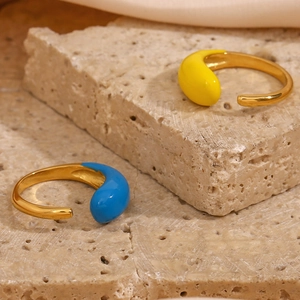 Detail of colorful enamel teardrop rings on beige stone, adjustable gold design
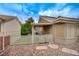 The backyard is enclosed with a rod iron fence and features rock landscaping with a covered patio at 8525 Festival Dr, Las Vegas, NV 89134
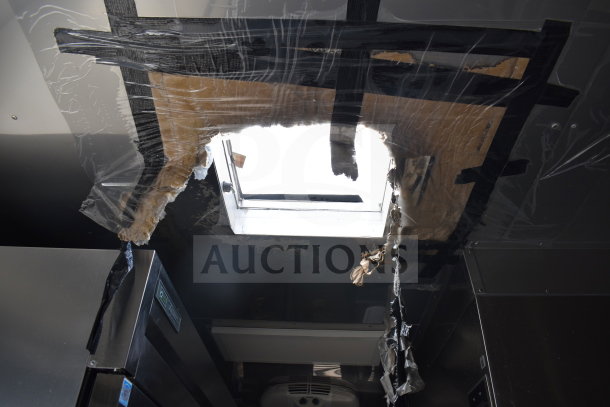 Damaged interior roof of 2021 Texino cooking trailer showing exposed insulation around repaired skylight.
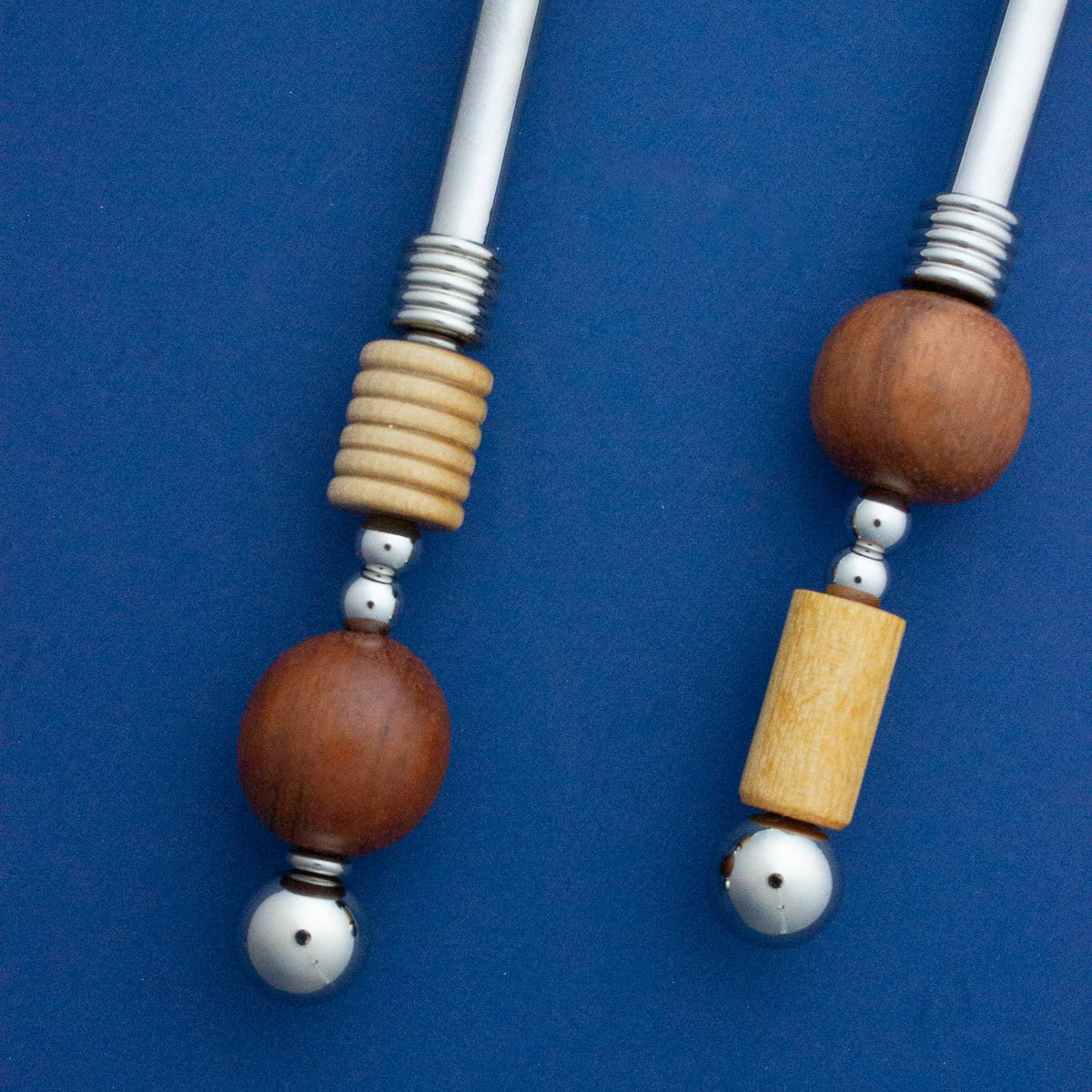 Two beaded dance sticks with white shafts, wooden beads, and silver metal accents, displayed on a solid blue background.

■ ■ ■ ■

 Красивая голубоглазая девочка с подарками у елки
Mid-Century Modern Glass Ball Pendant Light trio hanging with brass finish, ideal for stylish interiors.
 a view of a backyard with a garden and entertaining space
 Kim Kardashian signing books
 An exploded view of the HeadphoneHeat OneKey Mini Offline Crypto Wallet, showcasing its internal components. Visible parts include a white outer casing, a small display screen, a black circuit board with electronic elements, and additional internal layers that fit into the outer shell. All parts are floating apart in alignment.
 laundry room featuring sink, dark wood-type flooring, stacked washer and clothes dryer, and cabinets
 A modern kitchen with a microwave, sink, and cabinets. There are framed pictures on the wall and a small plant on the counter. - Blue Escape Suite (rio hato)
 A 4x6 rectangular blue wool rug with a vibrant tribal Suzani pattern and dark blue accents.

■ ■ ■ ■

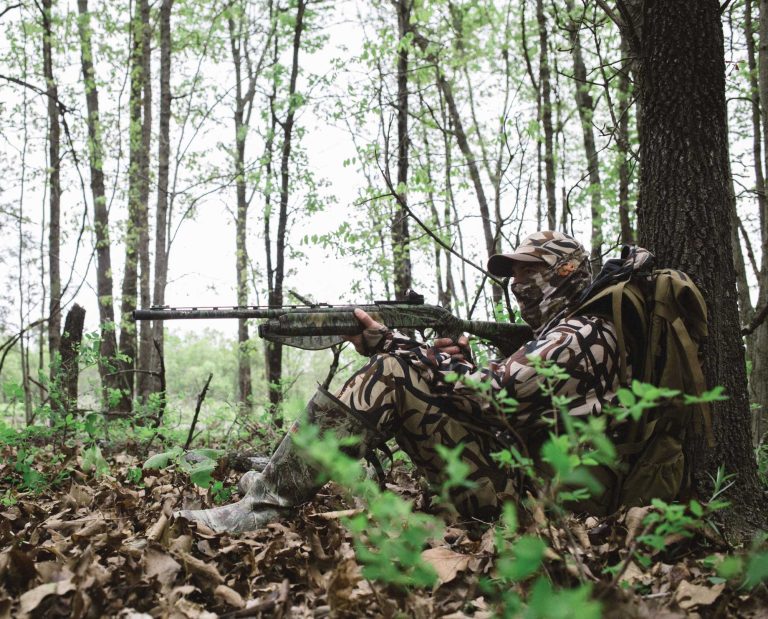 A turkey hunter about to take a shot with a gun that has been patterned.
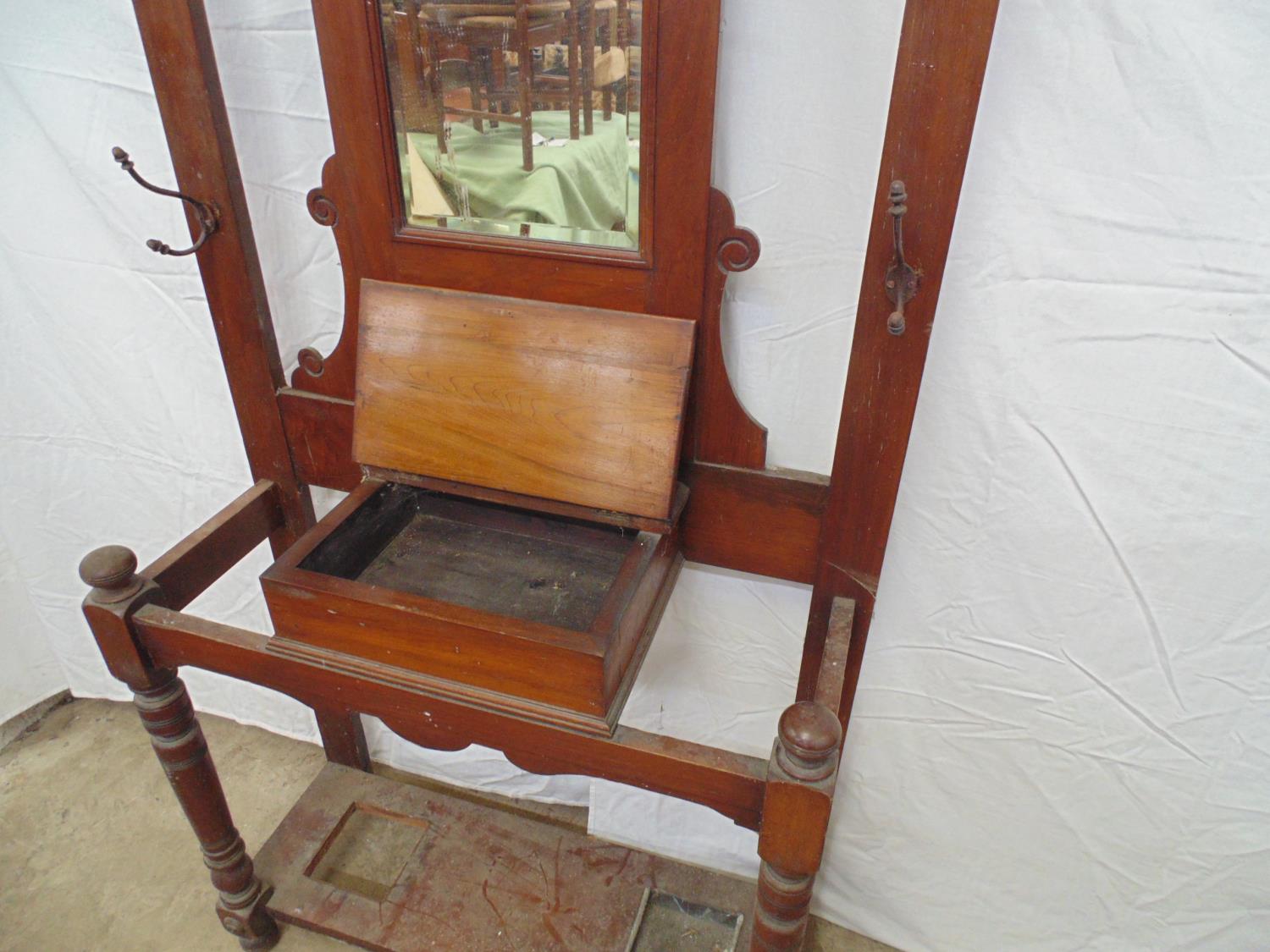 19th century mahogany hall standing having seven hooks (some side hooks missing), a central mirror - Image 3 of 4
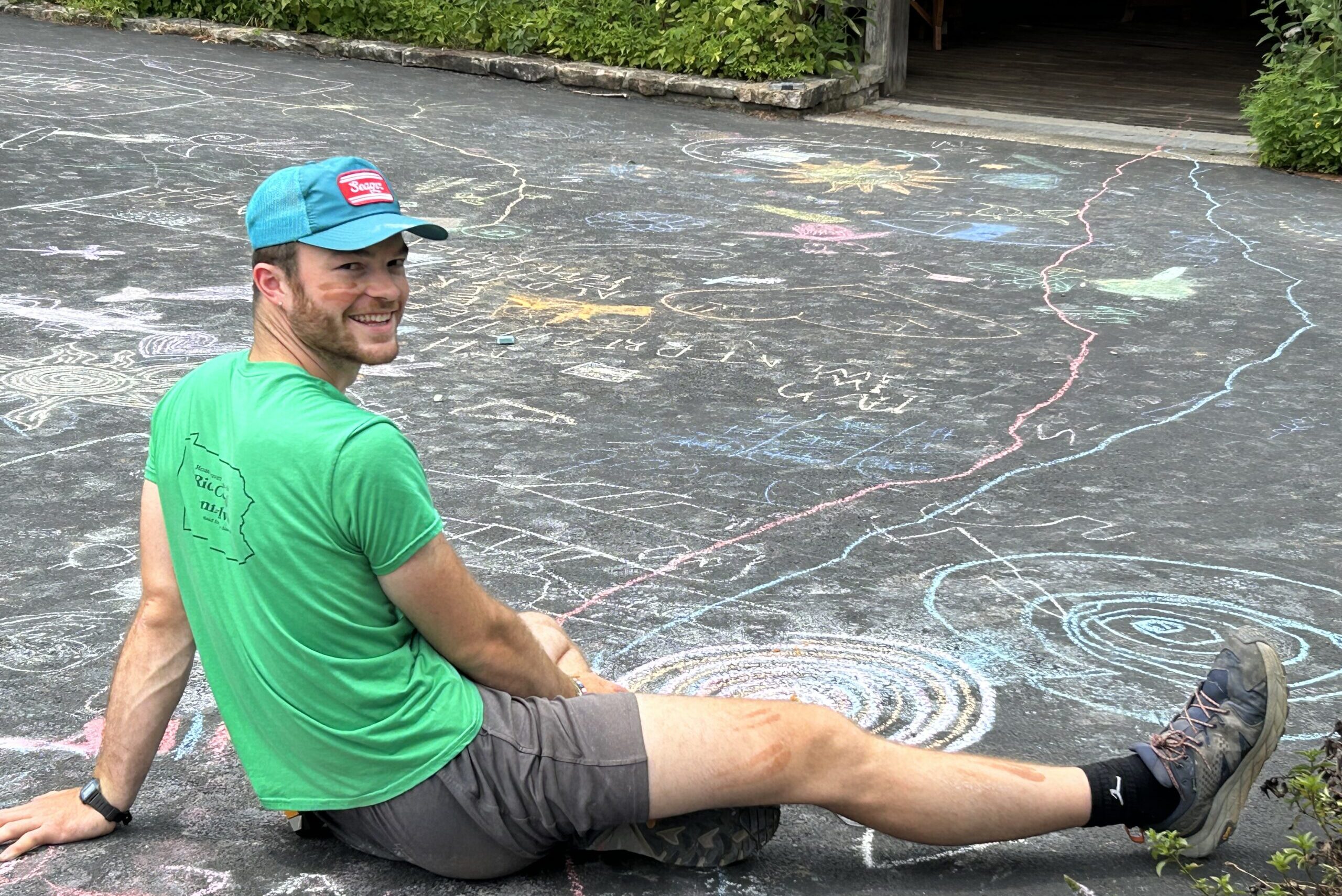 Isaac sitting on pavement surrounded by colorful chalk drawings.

■ ■ ■ ■

TASK OBJECTIVE:
Each line above starting at the one holding "Detail of colorful" and ending at the one holding "Two beaded dance" should be set down exactly as it stands, both ends included, with no pictures.

SOLUTION TO THE PROBLEM:
 Detail of colorful enamel teardrop rings on beige stone, adjustable gold design
 The backyard is enclosed with a rod iron fence and features rock landscaping with a covered patio at 8525 Festival Dr, Las Vegas, NV 89134
 Damaged interior roof of 2021 Texino cooking trailer showing exposed insulation around repaired skylight.
 Two beaded dance sticks with white shafts, wooden beads, and silver metal accents, displayed on a solid blue background.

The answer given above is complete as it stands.